Array of values as input in Snakemake workflows-CodePudding

I started to migrate my workflows from Nextflow to Snakemake and already hitting the wall at the start of my pipelines which very often begin with a list of numbers (representing a "run number" from our detector).

What I have for example is a run-list.txt like

# detector_id run_number
75 63433
75 67325
42 57584
42 57899
42 58998

which then needs to be passed line by line to a process that queries a database or data storage system and retrieves a file to the local system.

This means that e.g. 75 63433 would generate the output RUN_00000075_00063433.h5 via a rule which receives detector_id=75 and run_number=63433 as input parameters.

With Nextflow this is fairly easy, just defining a process which emits a tuple of these values.

I don't quite understand how I can do something like this in Snakemake since it seems that inputs and outputs always needs to be files (remote or local). In fact, some of the files are indeed accessible via iRODS and/or XRootD but even then, I need to start with a run-selection first which is defined in a list like the run-list.txt above.

My question is now: what is the Snakemake-style approach to this problem?

A non-working pseudo-code would be:

rule:
    input:
        [line for line in open("run-list.txt").readlines()]
    output:
        "{detector_id}_{run_number}.h5"
    shell:
        "detector_id, run_number = line.split()"
        "touch "{detector_id}_{run_number}.h5""
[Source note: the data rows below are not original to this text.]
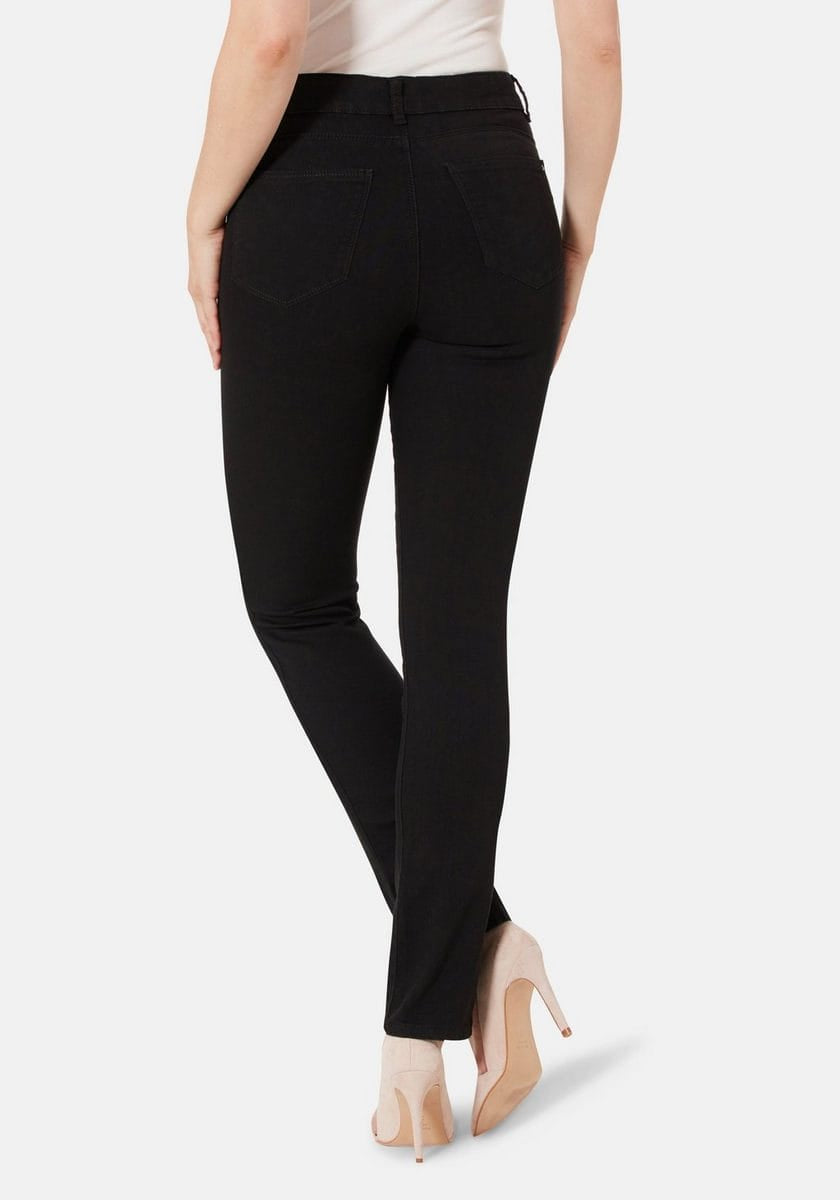 Stooker Women Slim Fit Jeans By Milano Denims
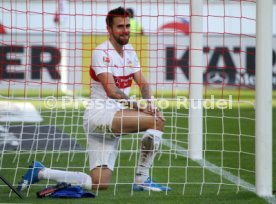 VfB Stuttgart - SV Darmstadt 98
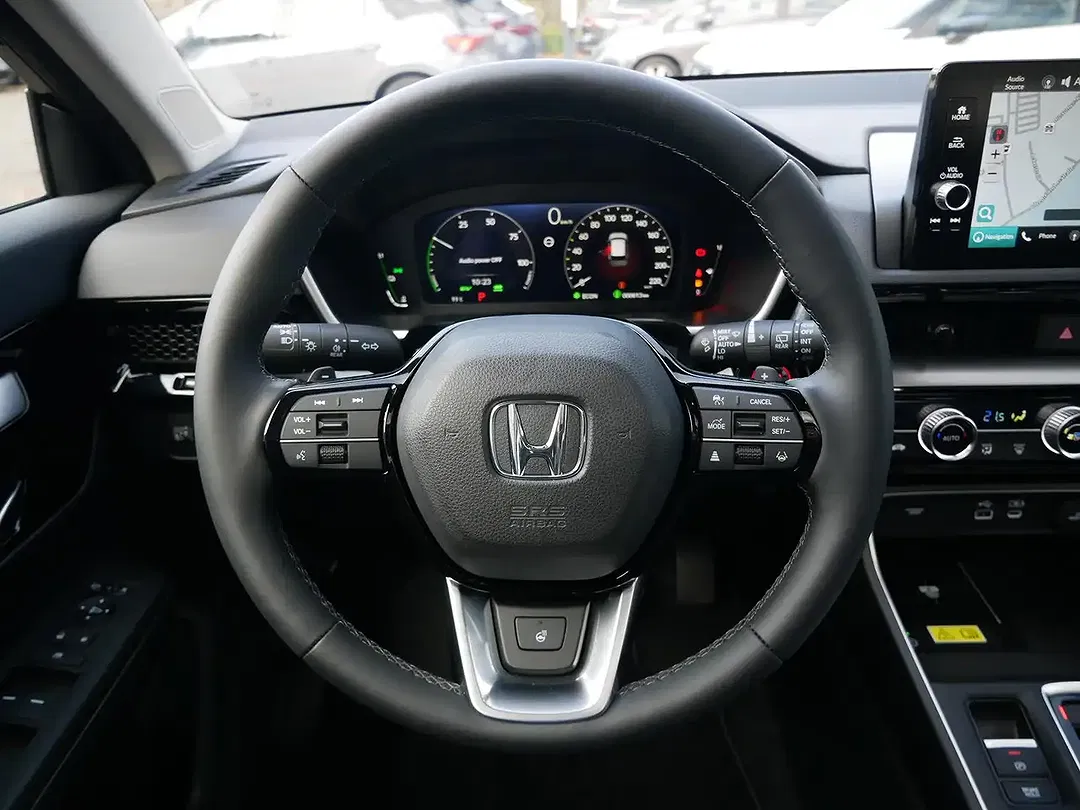 Honda CR-V e:HEV Elegance - Thumbnail 16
CodePudding user response：

In Snakemake you'd use this file to generate lists of the values you want to feed into your workflow. You'd parse the detector IDs and run numbers outside the rules. Off the top of my head your run list looks like it could neatly be handled with pandas, if you want to use an external library.

import pandas as pd

run_list = pd.read_csv("run-list.txt", header=0, names=["detector_id", "run_number"], sep=" ")
detector_ids = list(run_list["detector_id"])
run_numbers = list(run_list["run_number"])

Then a rule for running what you want to do for getting one file would be, under the assumption your file names do not need to be zero-padded:

rule do_something:
    output: "{detector_id}_{run_number}.h5"
    shell: "do_something_with {wildcards.detector_id} {wildcards.run_number}"
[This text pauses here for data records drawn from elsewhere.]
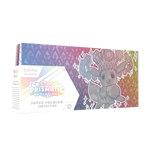 Scarlet & Violet Prismatic Evolutions: Super-Premium Collection
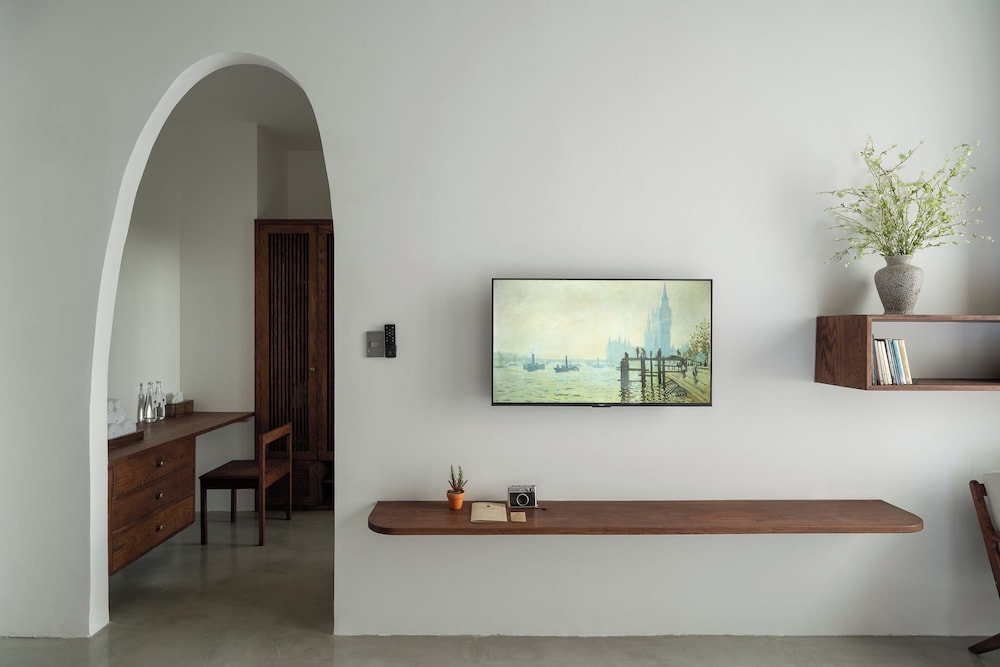 Wazen Retreat Villa Da Nang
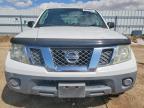 2011 Nissan Frontier S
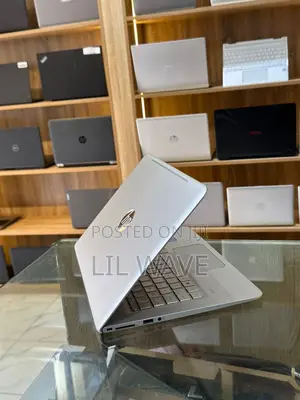 Laptop HP Envy 13 8GB Intel Core i5 SSD 128GB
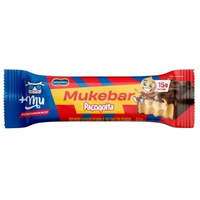 Barra de Proteína Mukebar Performance Paçoquita 60g +Mu Barra de Proteína Mukebar Performance Paçoquita 60g +Mu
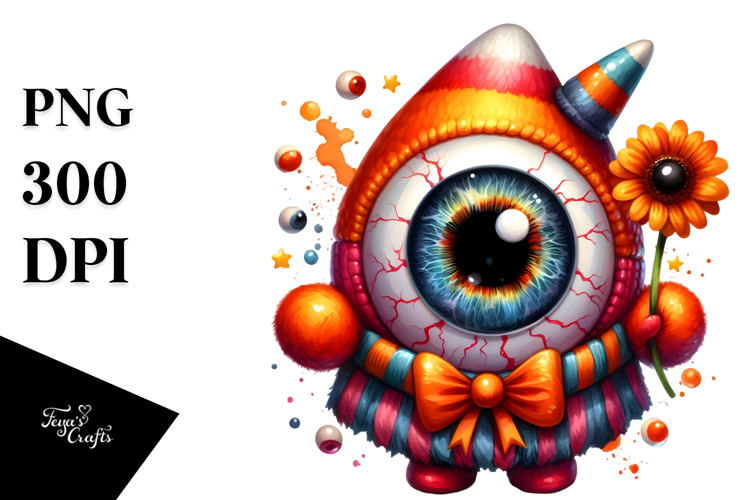 Candycorn Clipart Image 19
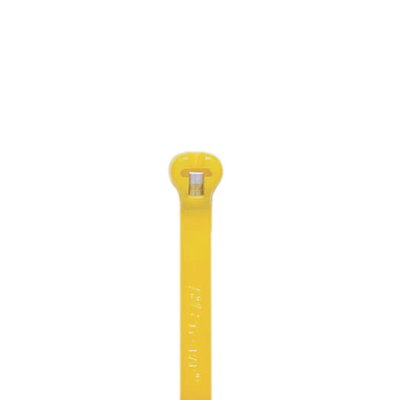 TYRAP 8,2X889 GIALLO 50PZ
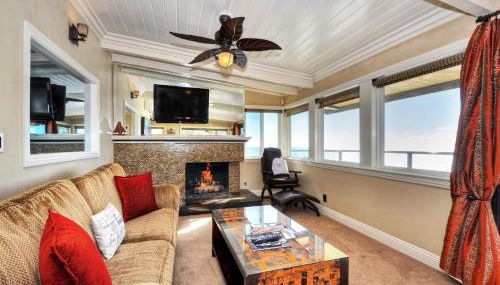 Villa Roma at the Retreat in Laguna Beach - Foto 5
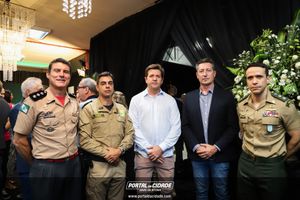 Inaugura&ccedil;&atilde;o UB Play TV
With just this rule alone, detector_id and run_number could in theory be anything, so you'll need something to tell Snakemake to run this in a way that produces the output you want. To run this for all lines in your file, you'd therefore set up a rule that takes all potential outputs defined by the file as input.

rule run_all:
    input: expand("{detector_id}_{run_number}.h5", zip, detector_id=detector_ids, run_number=run_numbers)

with the zip part ensuring that the first detector ID goes with the first run number and so on.
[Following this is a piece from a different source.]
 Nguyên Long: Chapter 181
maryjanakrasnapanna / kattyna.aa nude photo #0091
Finally, you'd run it specifying the name of the rule you want to run, so snakemake run_all.

CodePudding user response：

To make this work you need two ingredients:

a rule that specifies the logic for generating a single file (defining any file dependencies, if necessary)
a rule that defines which file should be calculated, by convention this rule is called all.

Here is a rough sketch of the code:

def process_lines(file_name):
    """generates id/run, ignoring non-numeric lines"""
    with open(file_name, "r") as f:
        for line in f:
            detector_id, run_number, *_ = line.split()
            if detector_id.isnumeric() and run_number.isnumeric():
                detector_id = detector_id.zfill(8)
                run_number = run_number.zfill(8)
                yield detector_id, run_number


out_file_format = "{detector_id}_{run_number}.h5"
final_files = [
    out_file_format.format(detector_id=detector_id, run_number=run_number)
    for detector_id, run_number in process_lines("run-list.txt")
]


rule all:
    """Collect all outputs."""
    input:
        final_files,


rule:
    """Generate an output"""
    output:
        out_file_format,
    shell:
        """
        echo {wildcards[detector_id]}
        echo {wildcards[run_number]}
        echo {output}
        """

CodePudding user response：

Already some good answers but since I got the code in the meantime here's my 2p. Save as Snakefile and it should be runnable.

import pandas

# In reality you read this from file using pandas.read_csv.
# Or use a solution other than pandas dataframes.
run_list = [(75, 63433),
(75, 67325),
(42, 57584),
(42, 57899),
(42, 58998)]

run_list = pandas.DataFrame(run_list, columns= ['detector_id', 'run_id'])

rule all:
    input:
        expand('RUN_{detector_id}_{run_id}.h5', zip, detector_id= run_list.detector_id, run_id= run_list.run_id),

rule make_run:
    output:
        'RUN_{detector_id}_{run_id}.h5',
    shell:
        r"""
        touch {output}
        """

You would need some string manipulation for the zero-padding but that is a python thing, not snakemake's.